Topik utamanya memang tentang cinta, tetapi bumbu-bumbu persahabatan turut
menambah rasa novel ini menjadi lebih menarik untuk diikuti pembaca.
“Cinta
adalah miniatur yang paling menggambarkan kehidupan banyak orang. Ada yang
bilang cinta itu romantis, ada yang bilang cinta itu gila; ada yang selamanya
tidak akan terlupakan, ada yang mengharukan; ada yang sehidup semati, ada yang
berkhianat; ada yang dewasa, ada yang berharap dewasa.” hal. 201
Cerita dalam buku ini di awali pada saat Ke Jingteng dihukum
oleh Guru Lai karena mencorat-coret dinding kelas pada musim panas tahun 1990
saat itu tahun-tahun itu ketika mereka masih menjadi siswa-siswi kelas seni 2A
SMP Jingcheng di Changhua. Jingteng merupakan tipikal siswa yang sebenarnya
cerdas namun dia malas berpikir, dia lebih suka membuat lelucon untuk
teman-temannya. Jingteng yang masih kekanak-kanakkan dipaksa duduk di depan
seorang siswi canti yang masuk dalam daftar salah satu yang paling pintar di
kelas mereka, Shen Jiayi. Pada awalnya mereka hanya berdiam-diam saja, namun
entah bagaimana awalnya Jiayi yang cerewet setiap pagi menceritakan berbagai
hal kecil yang terjadi di rumahnya mulai dari hewan peliharaan hingga kartun
yang ditonton oleh Jiayi. Mulanya Jingteng acuh tak acuh setiap kali
diperingatkan Jiayi untuk belajar namun titik balik Jingteng bermetamorfosis
dimulai ketika Guru Lai menjelaskan bahwa 15 siswa dari kelas mereka dengan
peringkat terbawah akan dipindahkan ke kelas C karena adanya suatu peraturan
baru. Sepertinya saat itu pula Jingteng mulai sadar bahwa dia menyukai Jiayi
seperti yang dikatakannya
"Aku bengong menatap Shen Jiayi. Tiba-tiba, sesuatu yang
sangat rumit mengusik hatiku. Aku yang penuh percaya diriserta selalu tertawa
dan bercanda, seharusnya menolak hal ini. Namun aku tahu, aku tidak bisa
menolak kebaikan hati Shen Jiayi. Disebut bodoh pun aku tak peduli karena aku
tidak bisa menghindari perhatiannya yang tulus." hal 42.

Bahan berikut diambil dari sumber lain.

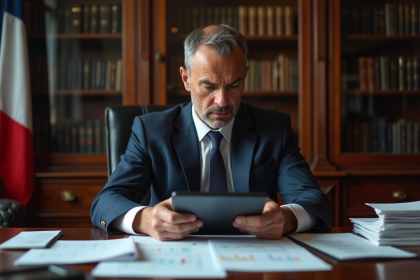 Homme d'affaires en costume analyse des chiffres financiers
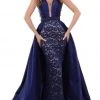Formal Gowns Tarik Ediz - 50430 Embellished Deep V-neck Lace Dress With Overskirt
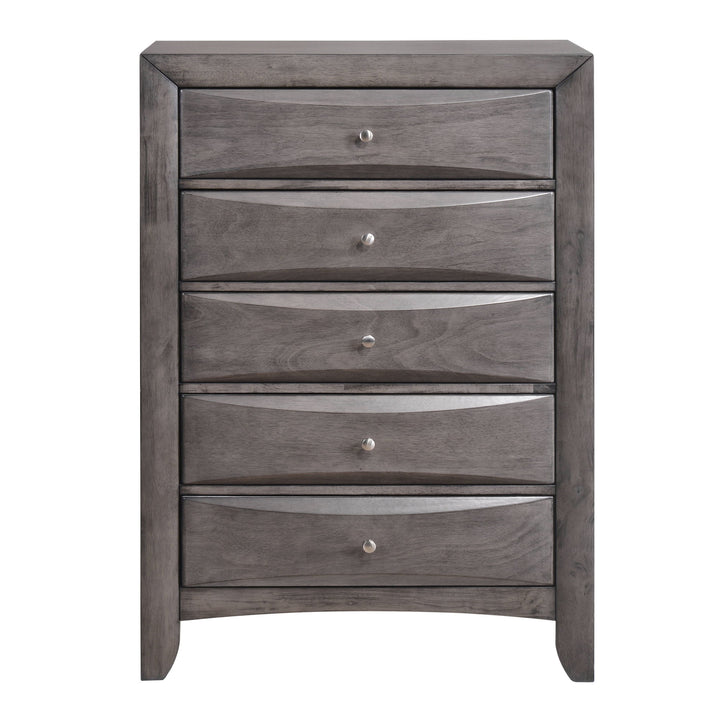 Emily - 5-Drawer Chest (Sturdy) - Gray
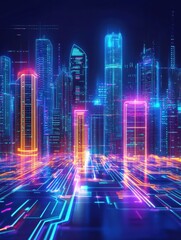 Poster - Glowing cityscape with neon skyscrapers illuminating the urban night. Generative AI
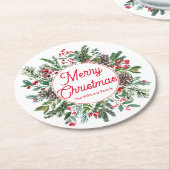 陽気なクリスマスの冬の緑の赤いスクリプト緑 ラウンドペーパーコースター (アングル)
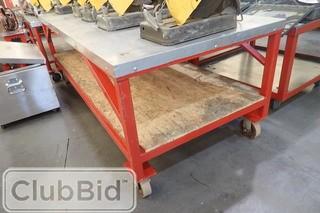 Approx. 7 1/2' x3' Mobile Metal Shop Table. 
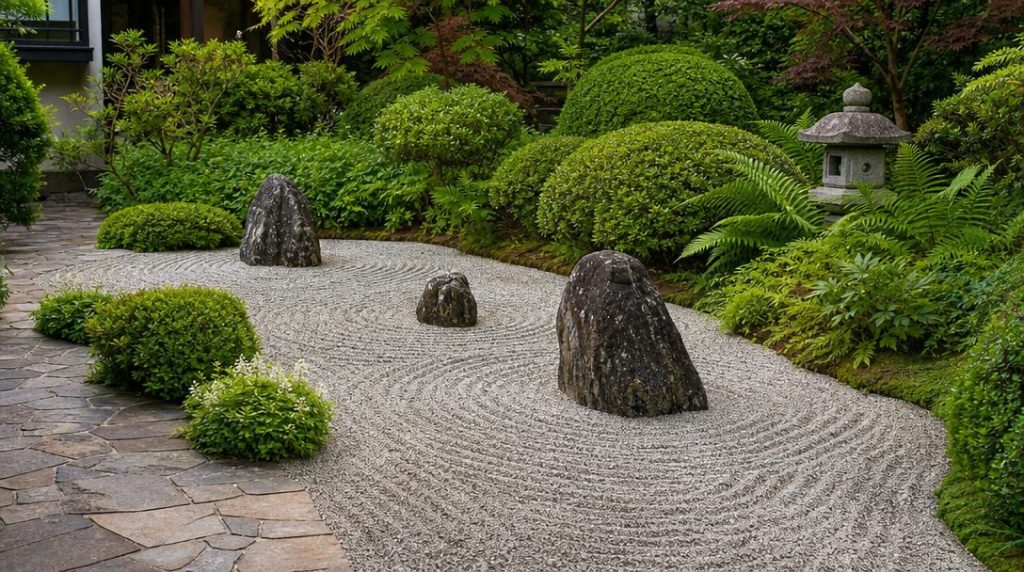 Roches décalées et gravier dans un jardin zen équilibré
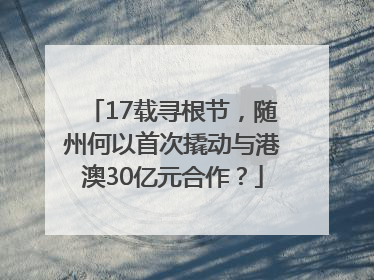 17载寻根节，随州何以首次撬动与港澳30亿元合作？
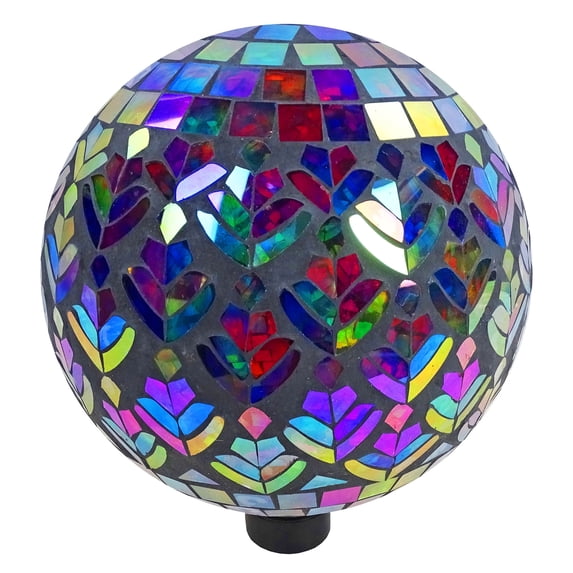 Alpine Corporation 10" Mosaic Peacock Gazing Ball for Garden & Lawn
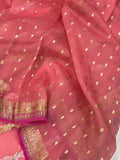 Strawberry Pink Rangkaat Banarasi Handloom Kora Silk Saree - Aura Benaras
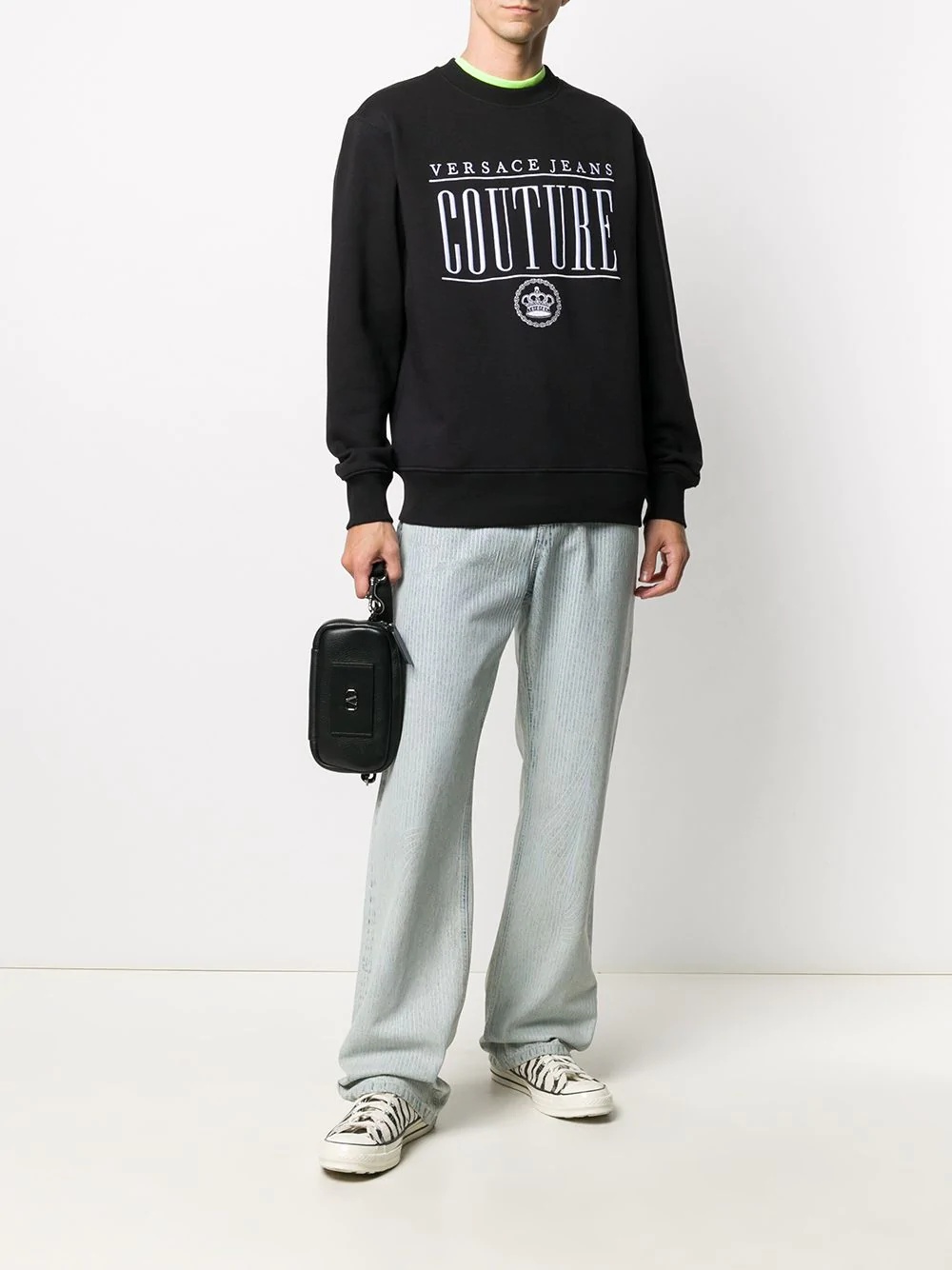 embroidered logo rib-trimmed sweatshirt - 2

Bukan hanya Ke Jingteng satu-satunya murid yang
menyukai Shen Jiayi namun teman-teman baik Jingteng lebih dulu menyukai Jiayi
seperti A He, Liao Yinghong serta beberapa lainnya. Mereka kecuali Jingteng
berusaha mendekati Jiayi dengan berbagai cara, tidak begitu dengan Jingteng
yang tahu bahwa Jiayi tidak suka dengan tipikal pria-pria yang begitu terobsesi
untuk mengejarnya dia berkata masih ingin berfokus belajar dan sekolah.
Awalnya saya kira orang yang Jingteng sukai selama periode 8
tahun hanya Jiayi seorang namun buku ini menceritakan kebenarannya yaitu ada
seorang lagi bernama Li Xiaohua. Hal yang awalnya tidak diduga Jingteng karena
dia sudah menjadi murid baik Guru Lai memutuskan memindahkan Jingteng ke
belakang Li Xiaohua. Semenjak itu hubungan mereka -Jingteng dan Jiayi- tidak
terlalu dekat. Jiayi lebih dekat dengan A He dan Jingteng dengan Li Xiaohua.

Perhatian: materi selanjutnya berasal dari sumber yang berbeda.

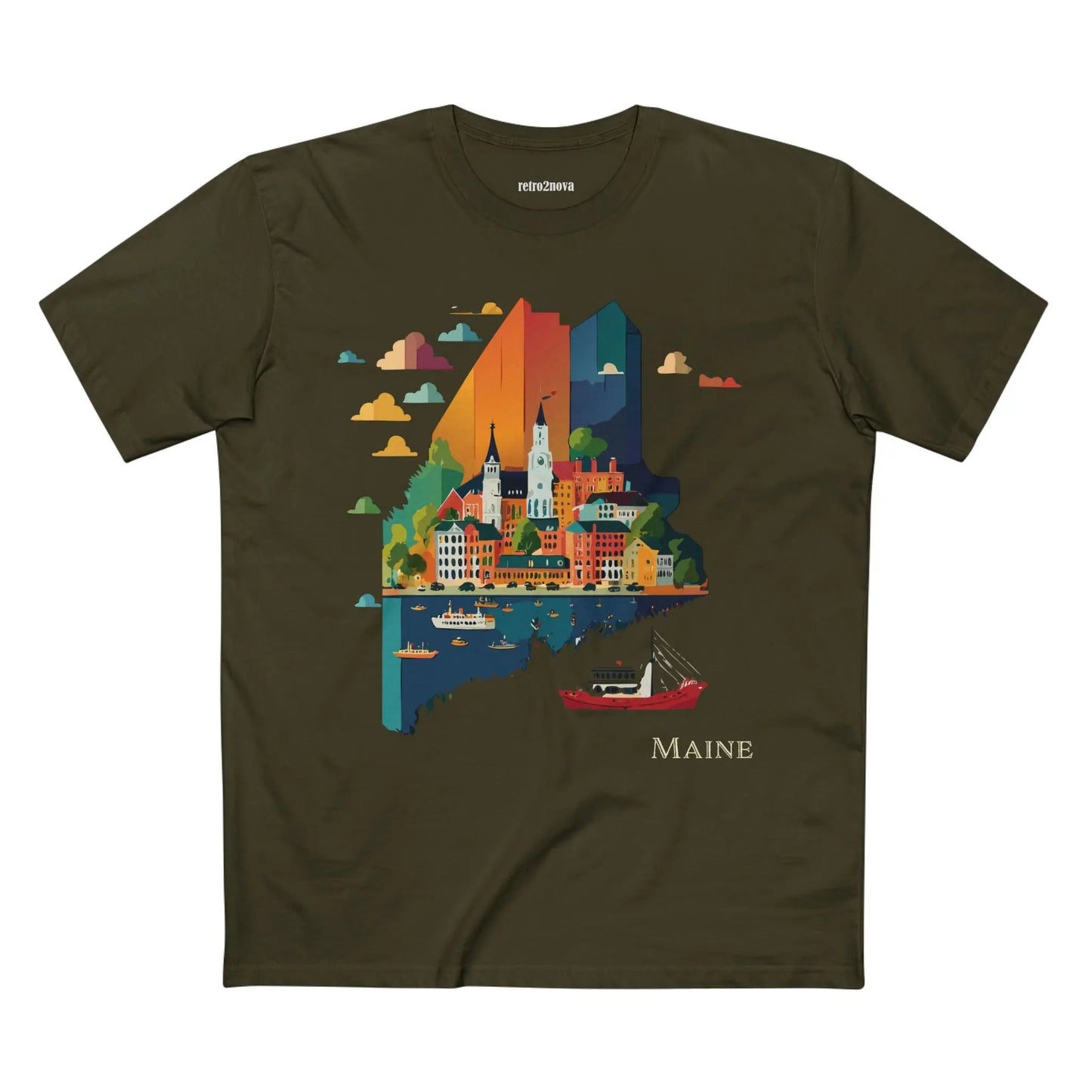 Maine US State Shirt Unisex Premium Cotton Tee With Original Art Design Retro2Nova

Seperti Xiaohua memang ada perasaan pada Jingteng namun yak begitulah Jingteng
dia tidak berani mengatakan apaun hanya bisa mengambil tangkai-tangkai bunga
liar untuk diletakkan di meja Xiaohua. Ada kalimat yang benar-benar menyentuh
saat Jingteng menceritakan dirinya kketika bersama Xiaohua.
"Pulang bersama, entah kenapa di kehidupan mana pun,
kedua kata ini memiliki arti yang romantis. Bersama mewakili hal yang tidak
bisa dilakukan sendiri, pulang berarti kembali ke kehangatan. Orang yang
pertama kali pulang bersamamu, tidak akan kau lupakan seumur hidup."
Perjalanan Jingteng dengan Xiaohua berhenti seiring lulusnya
mereka dari SMP, mereka lebih memilih jalan masing-masing meskipun pada kenyataannya
Xiaohua yang meminta Jingteng menjauh dari kehidupannya, apalagi setelah
teman-teman perempuan Xiaohua merasa Jingteng membuat mereka jauh dari gadis
itu. Usaha Jingteng untuk mendekati kembali Xiaohua di awal masa SMA mereka pun
sia-sia karena sang gadis tetap pada pendiriannya.
SMA, kedekatan Jingteng dan Jiayi mulai terjalin kembali.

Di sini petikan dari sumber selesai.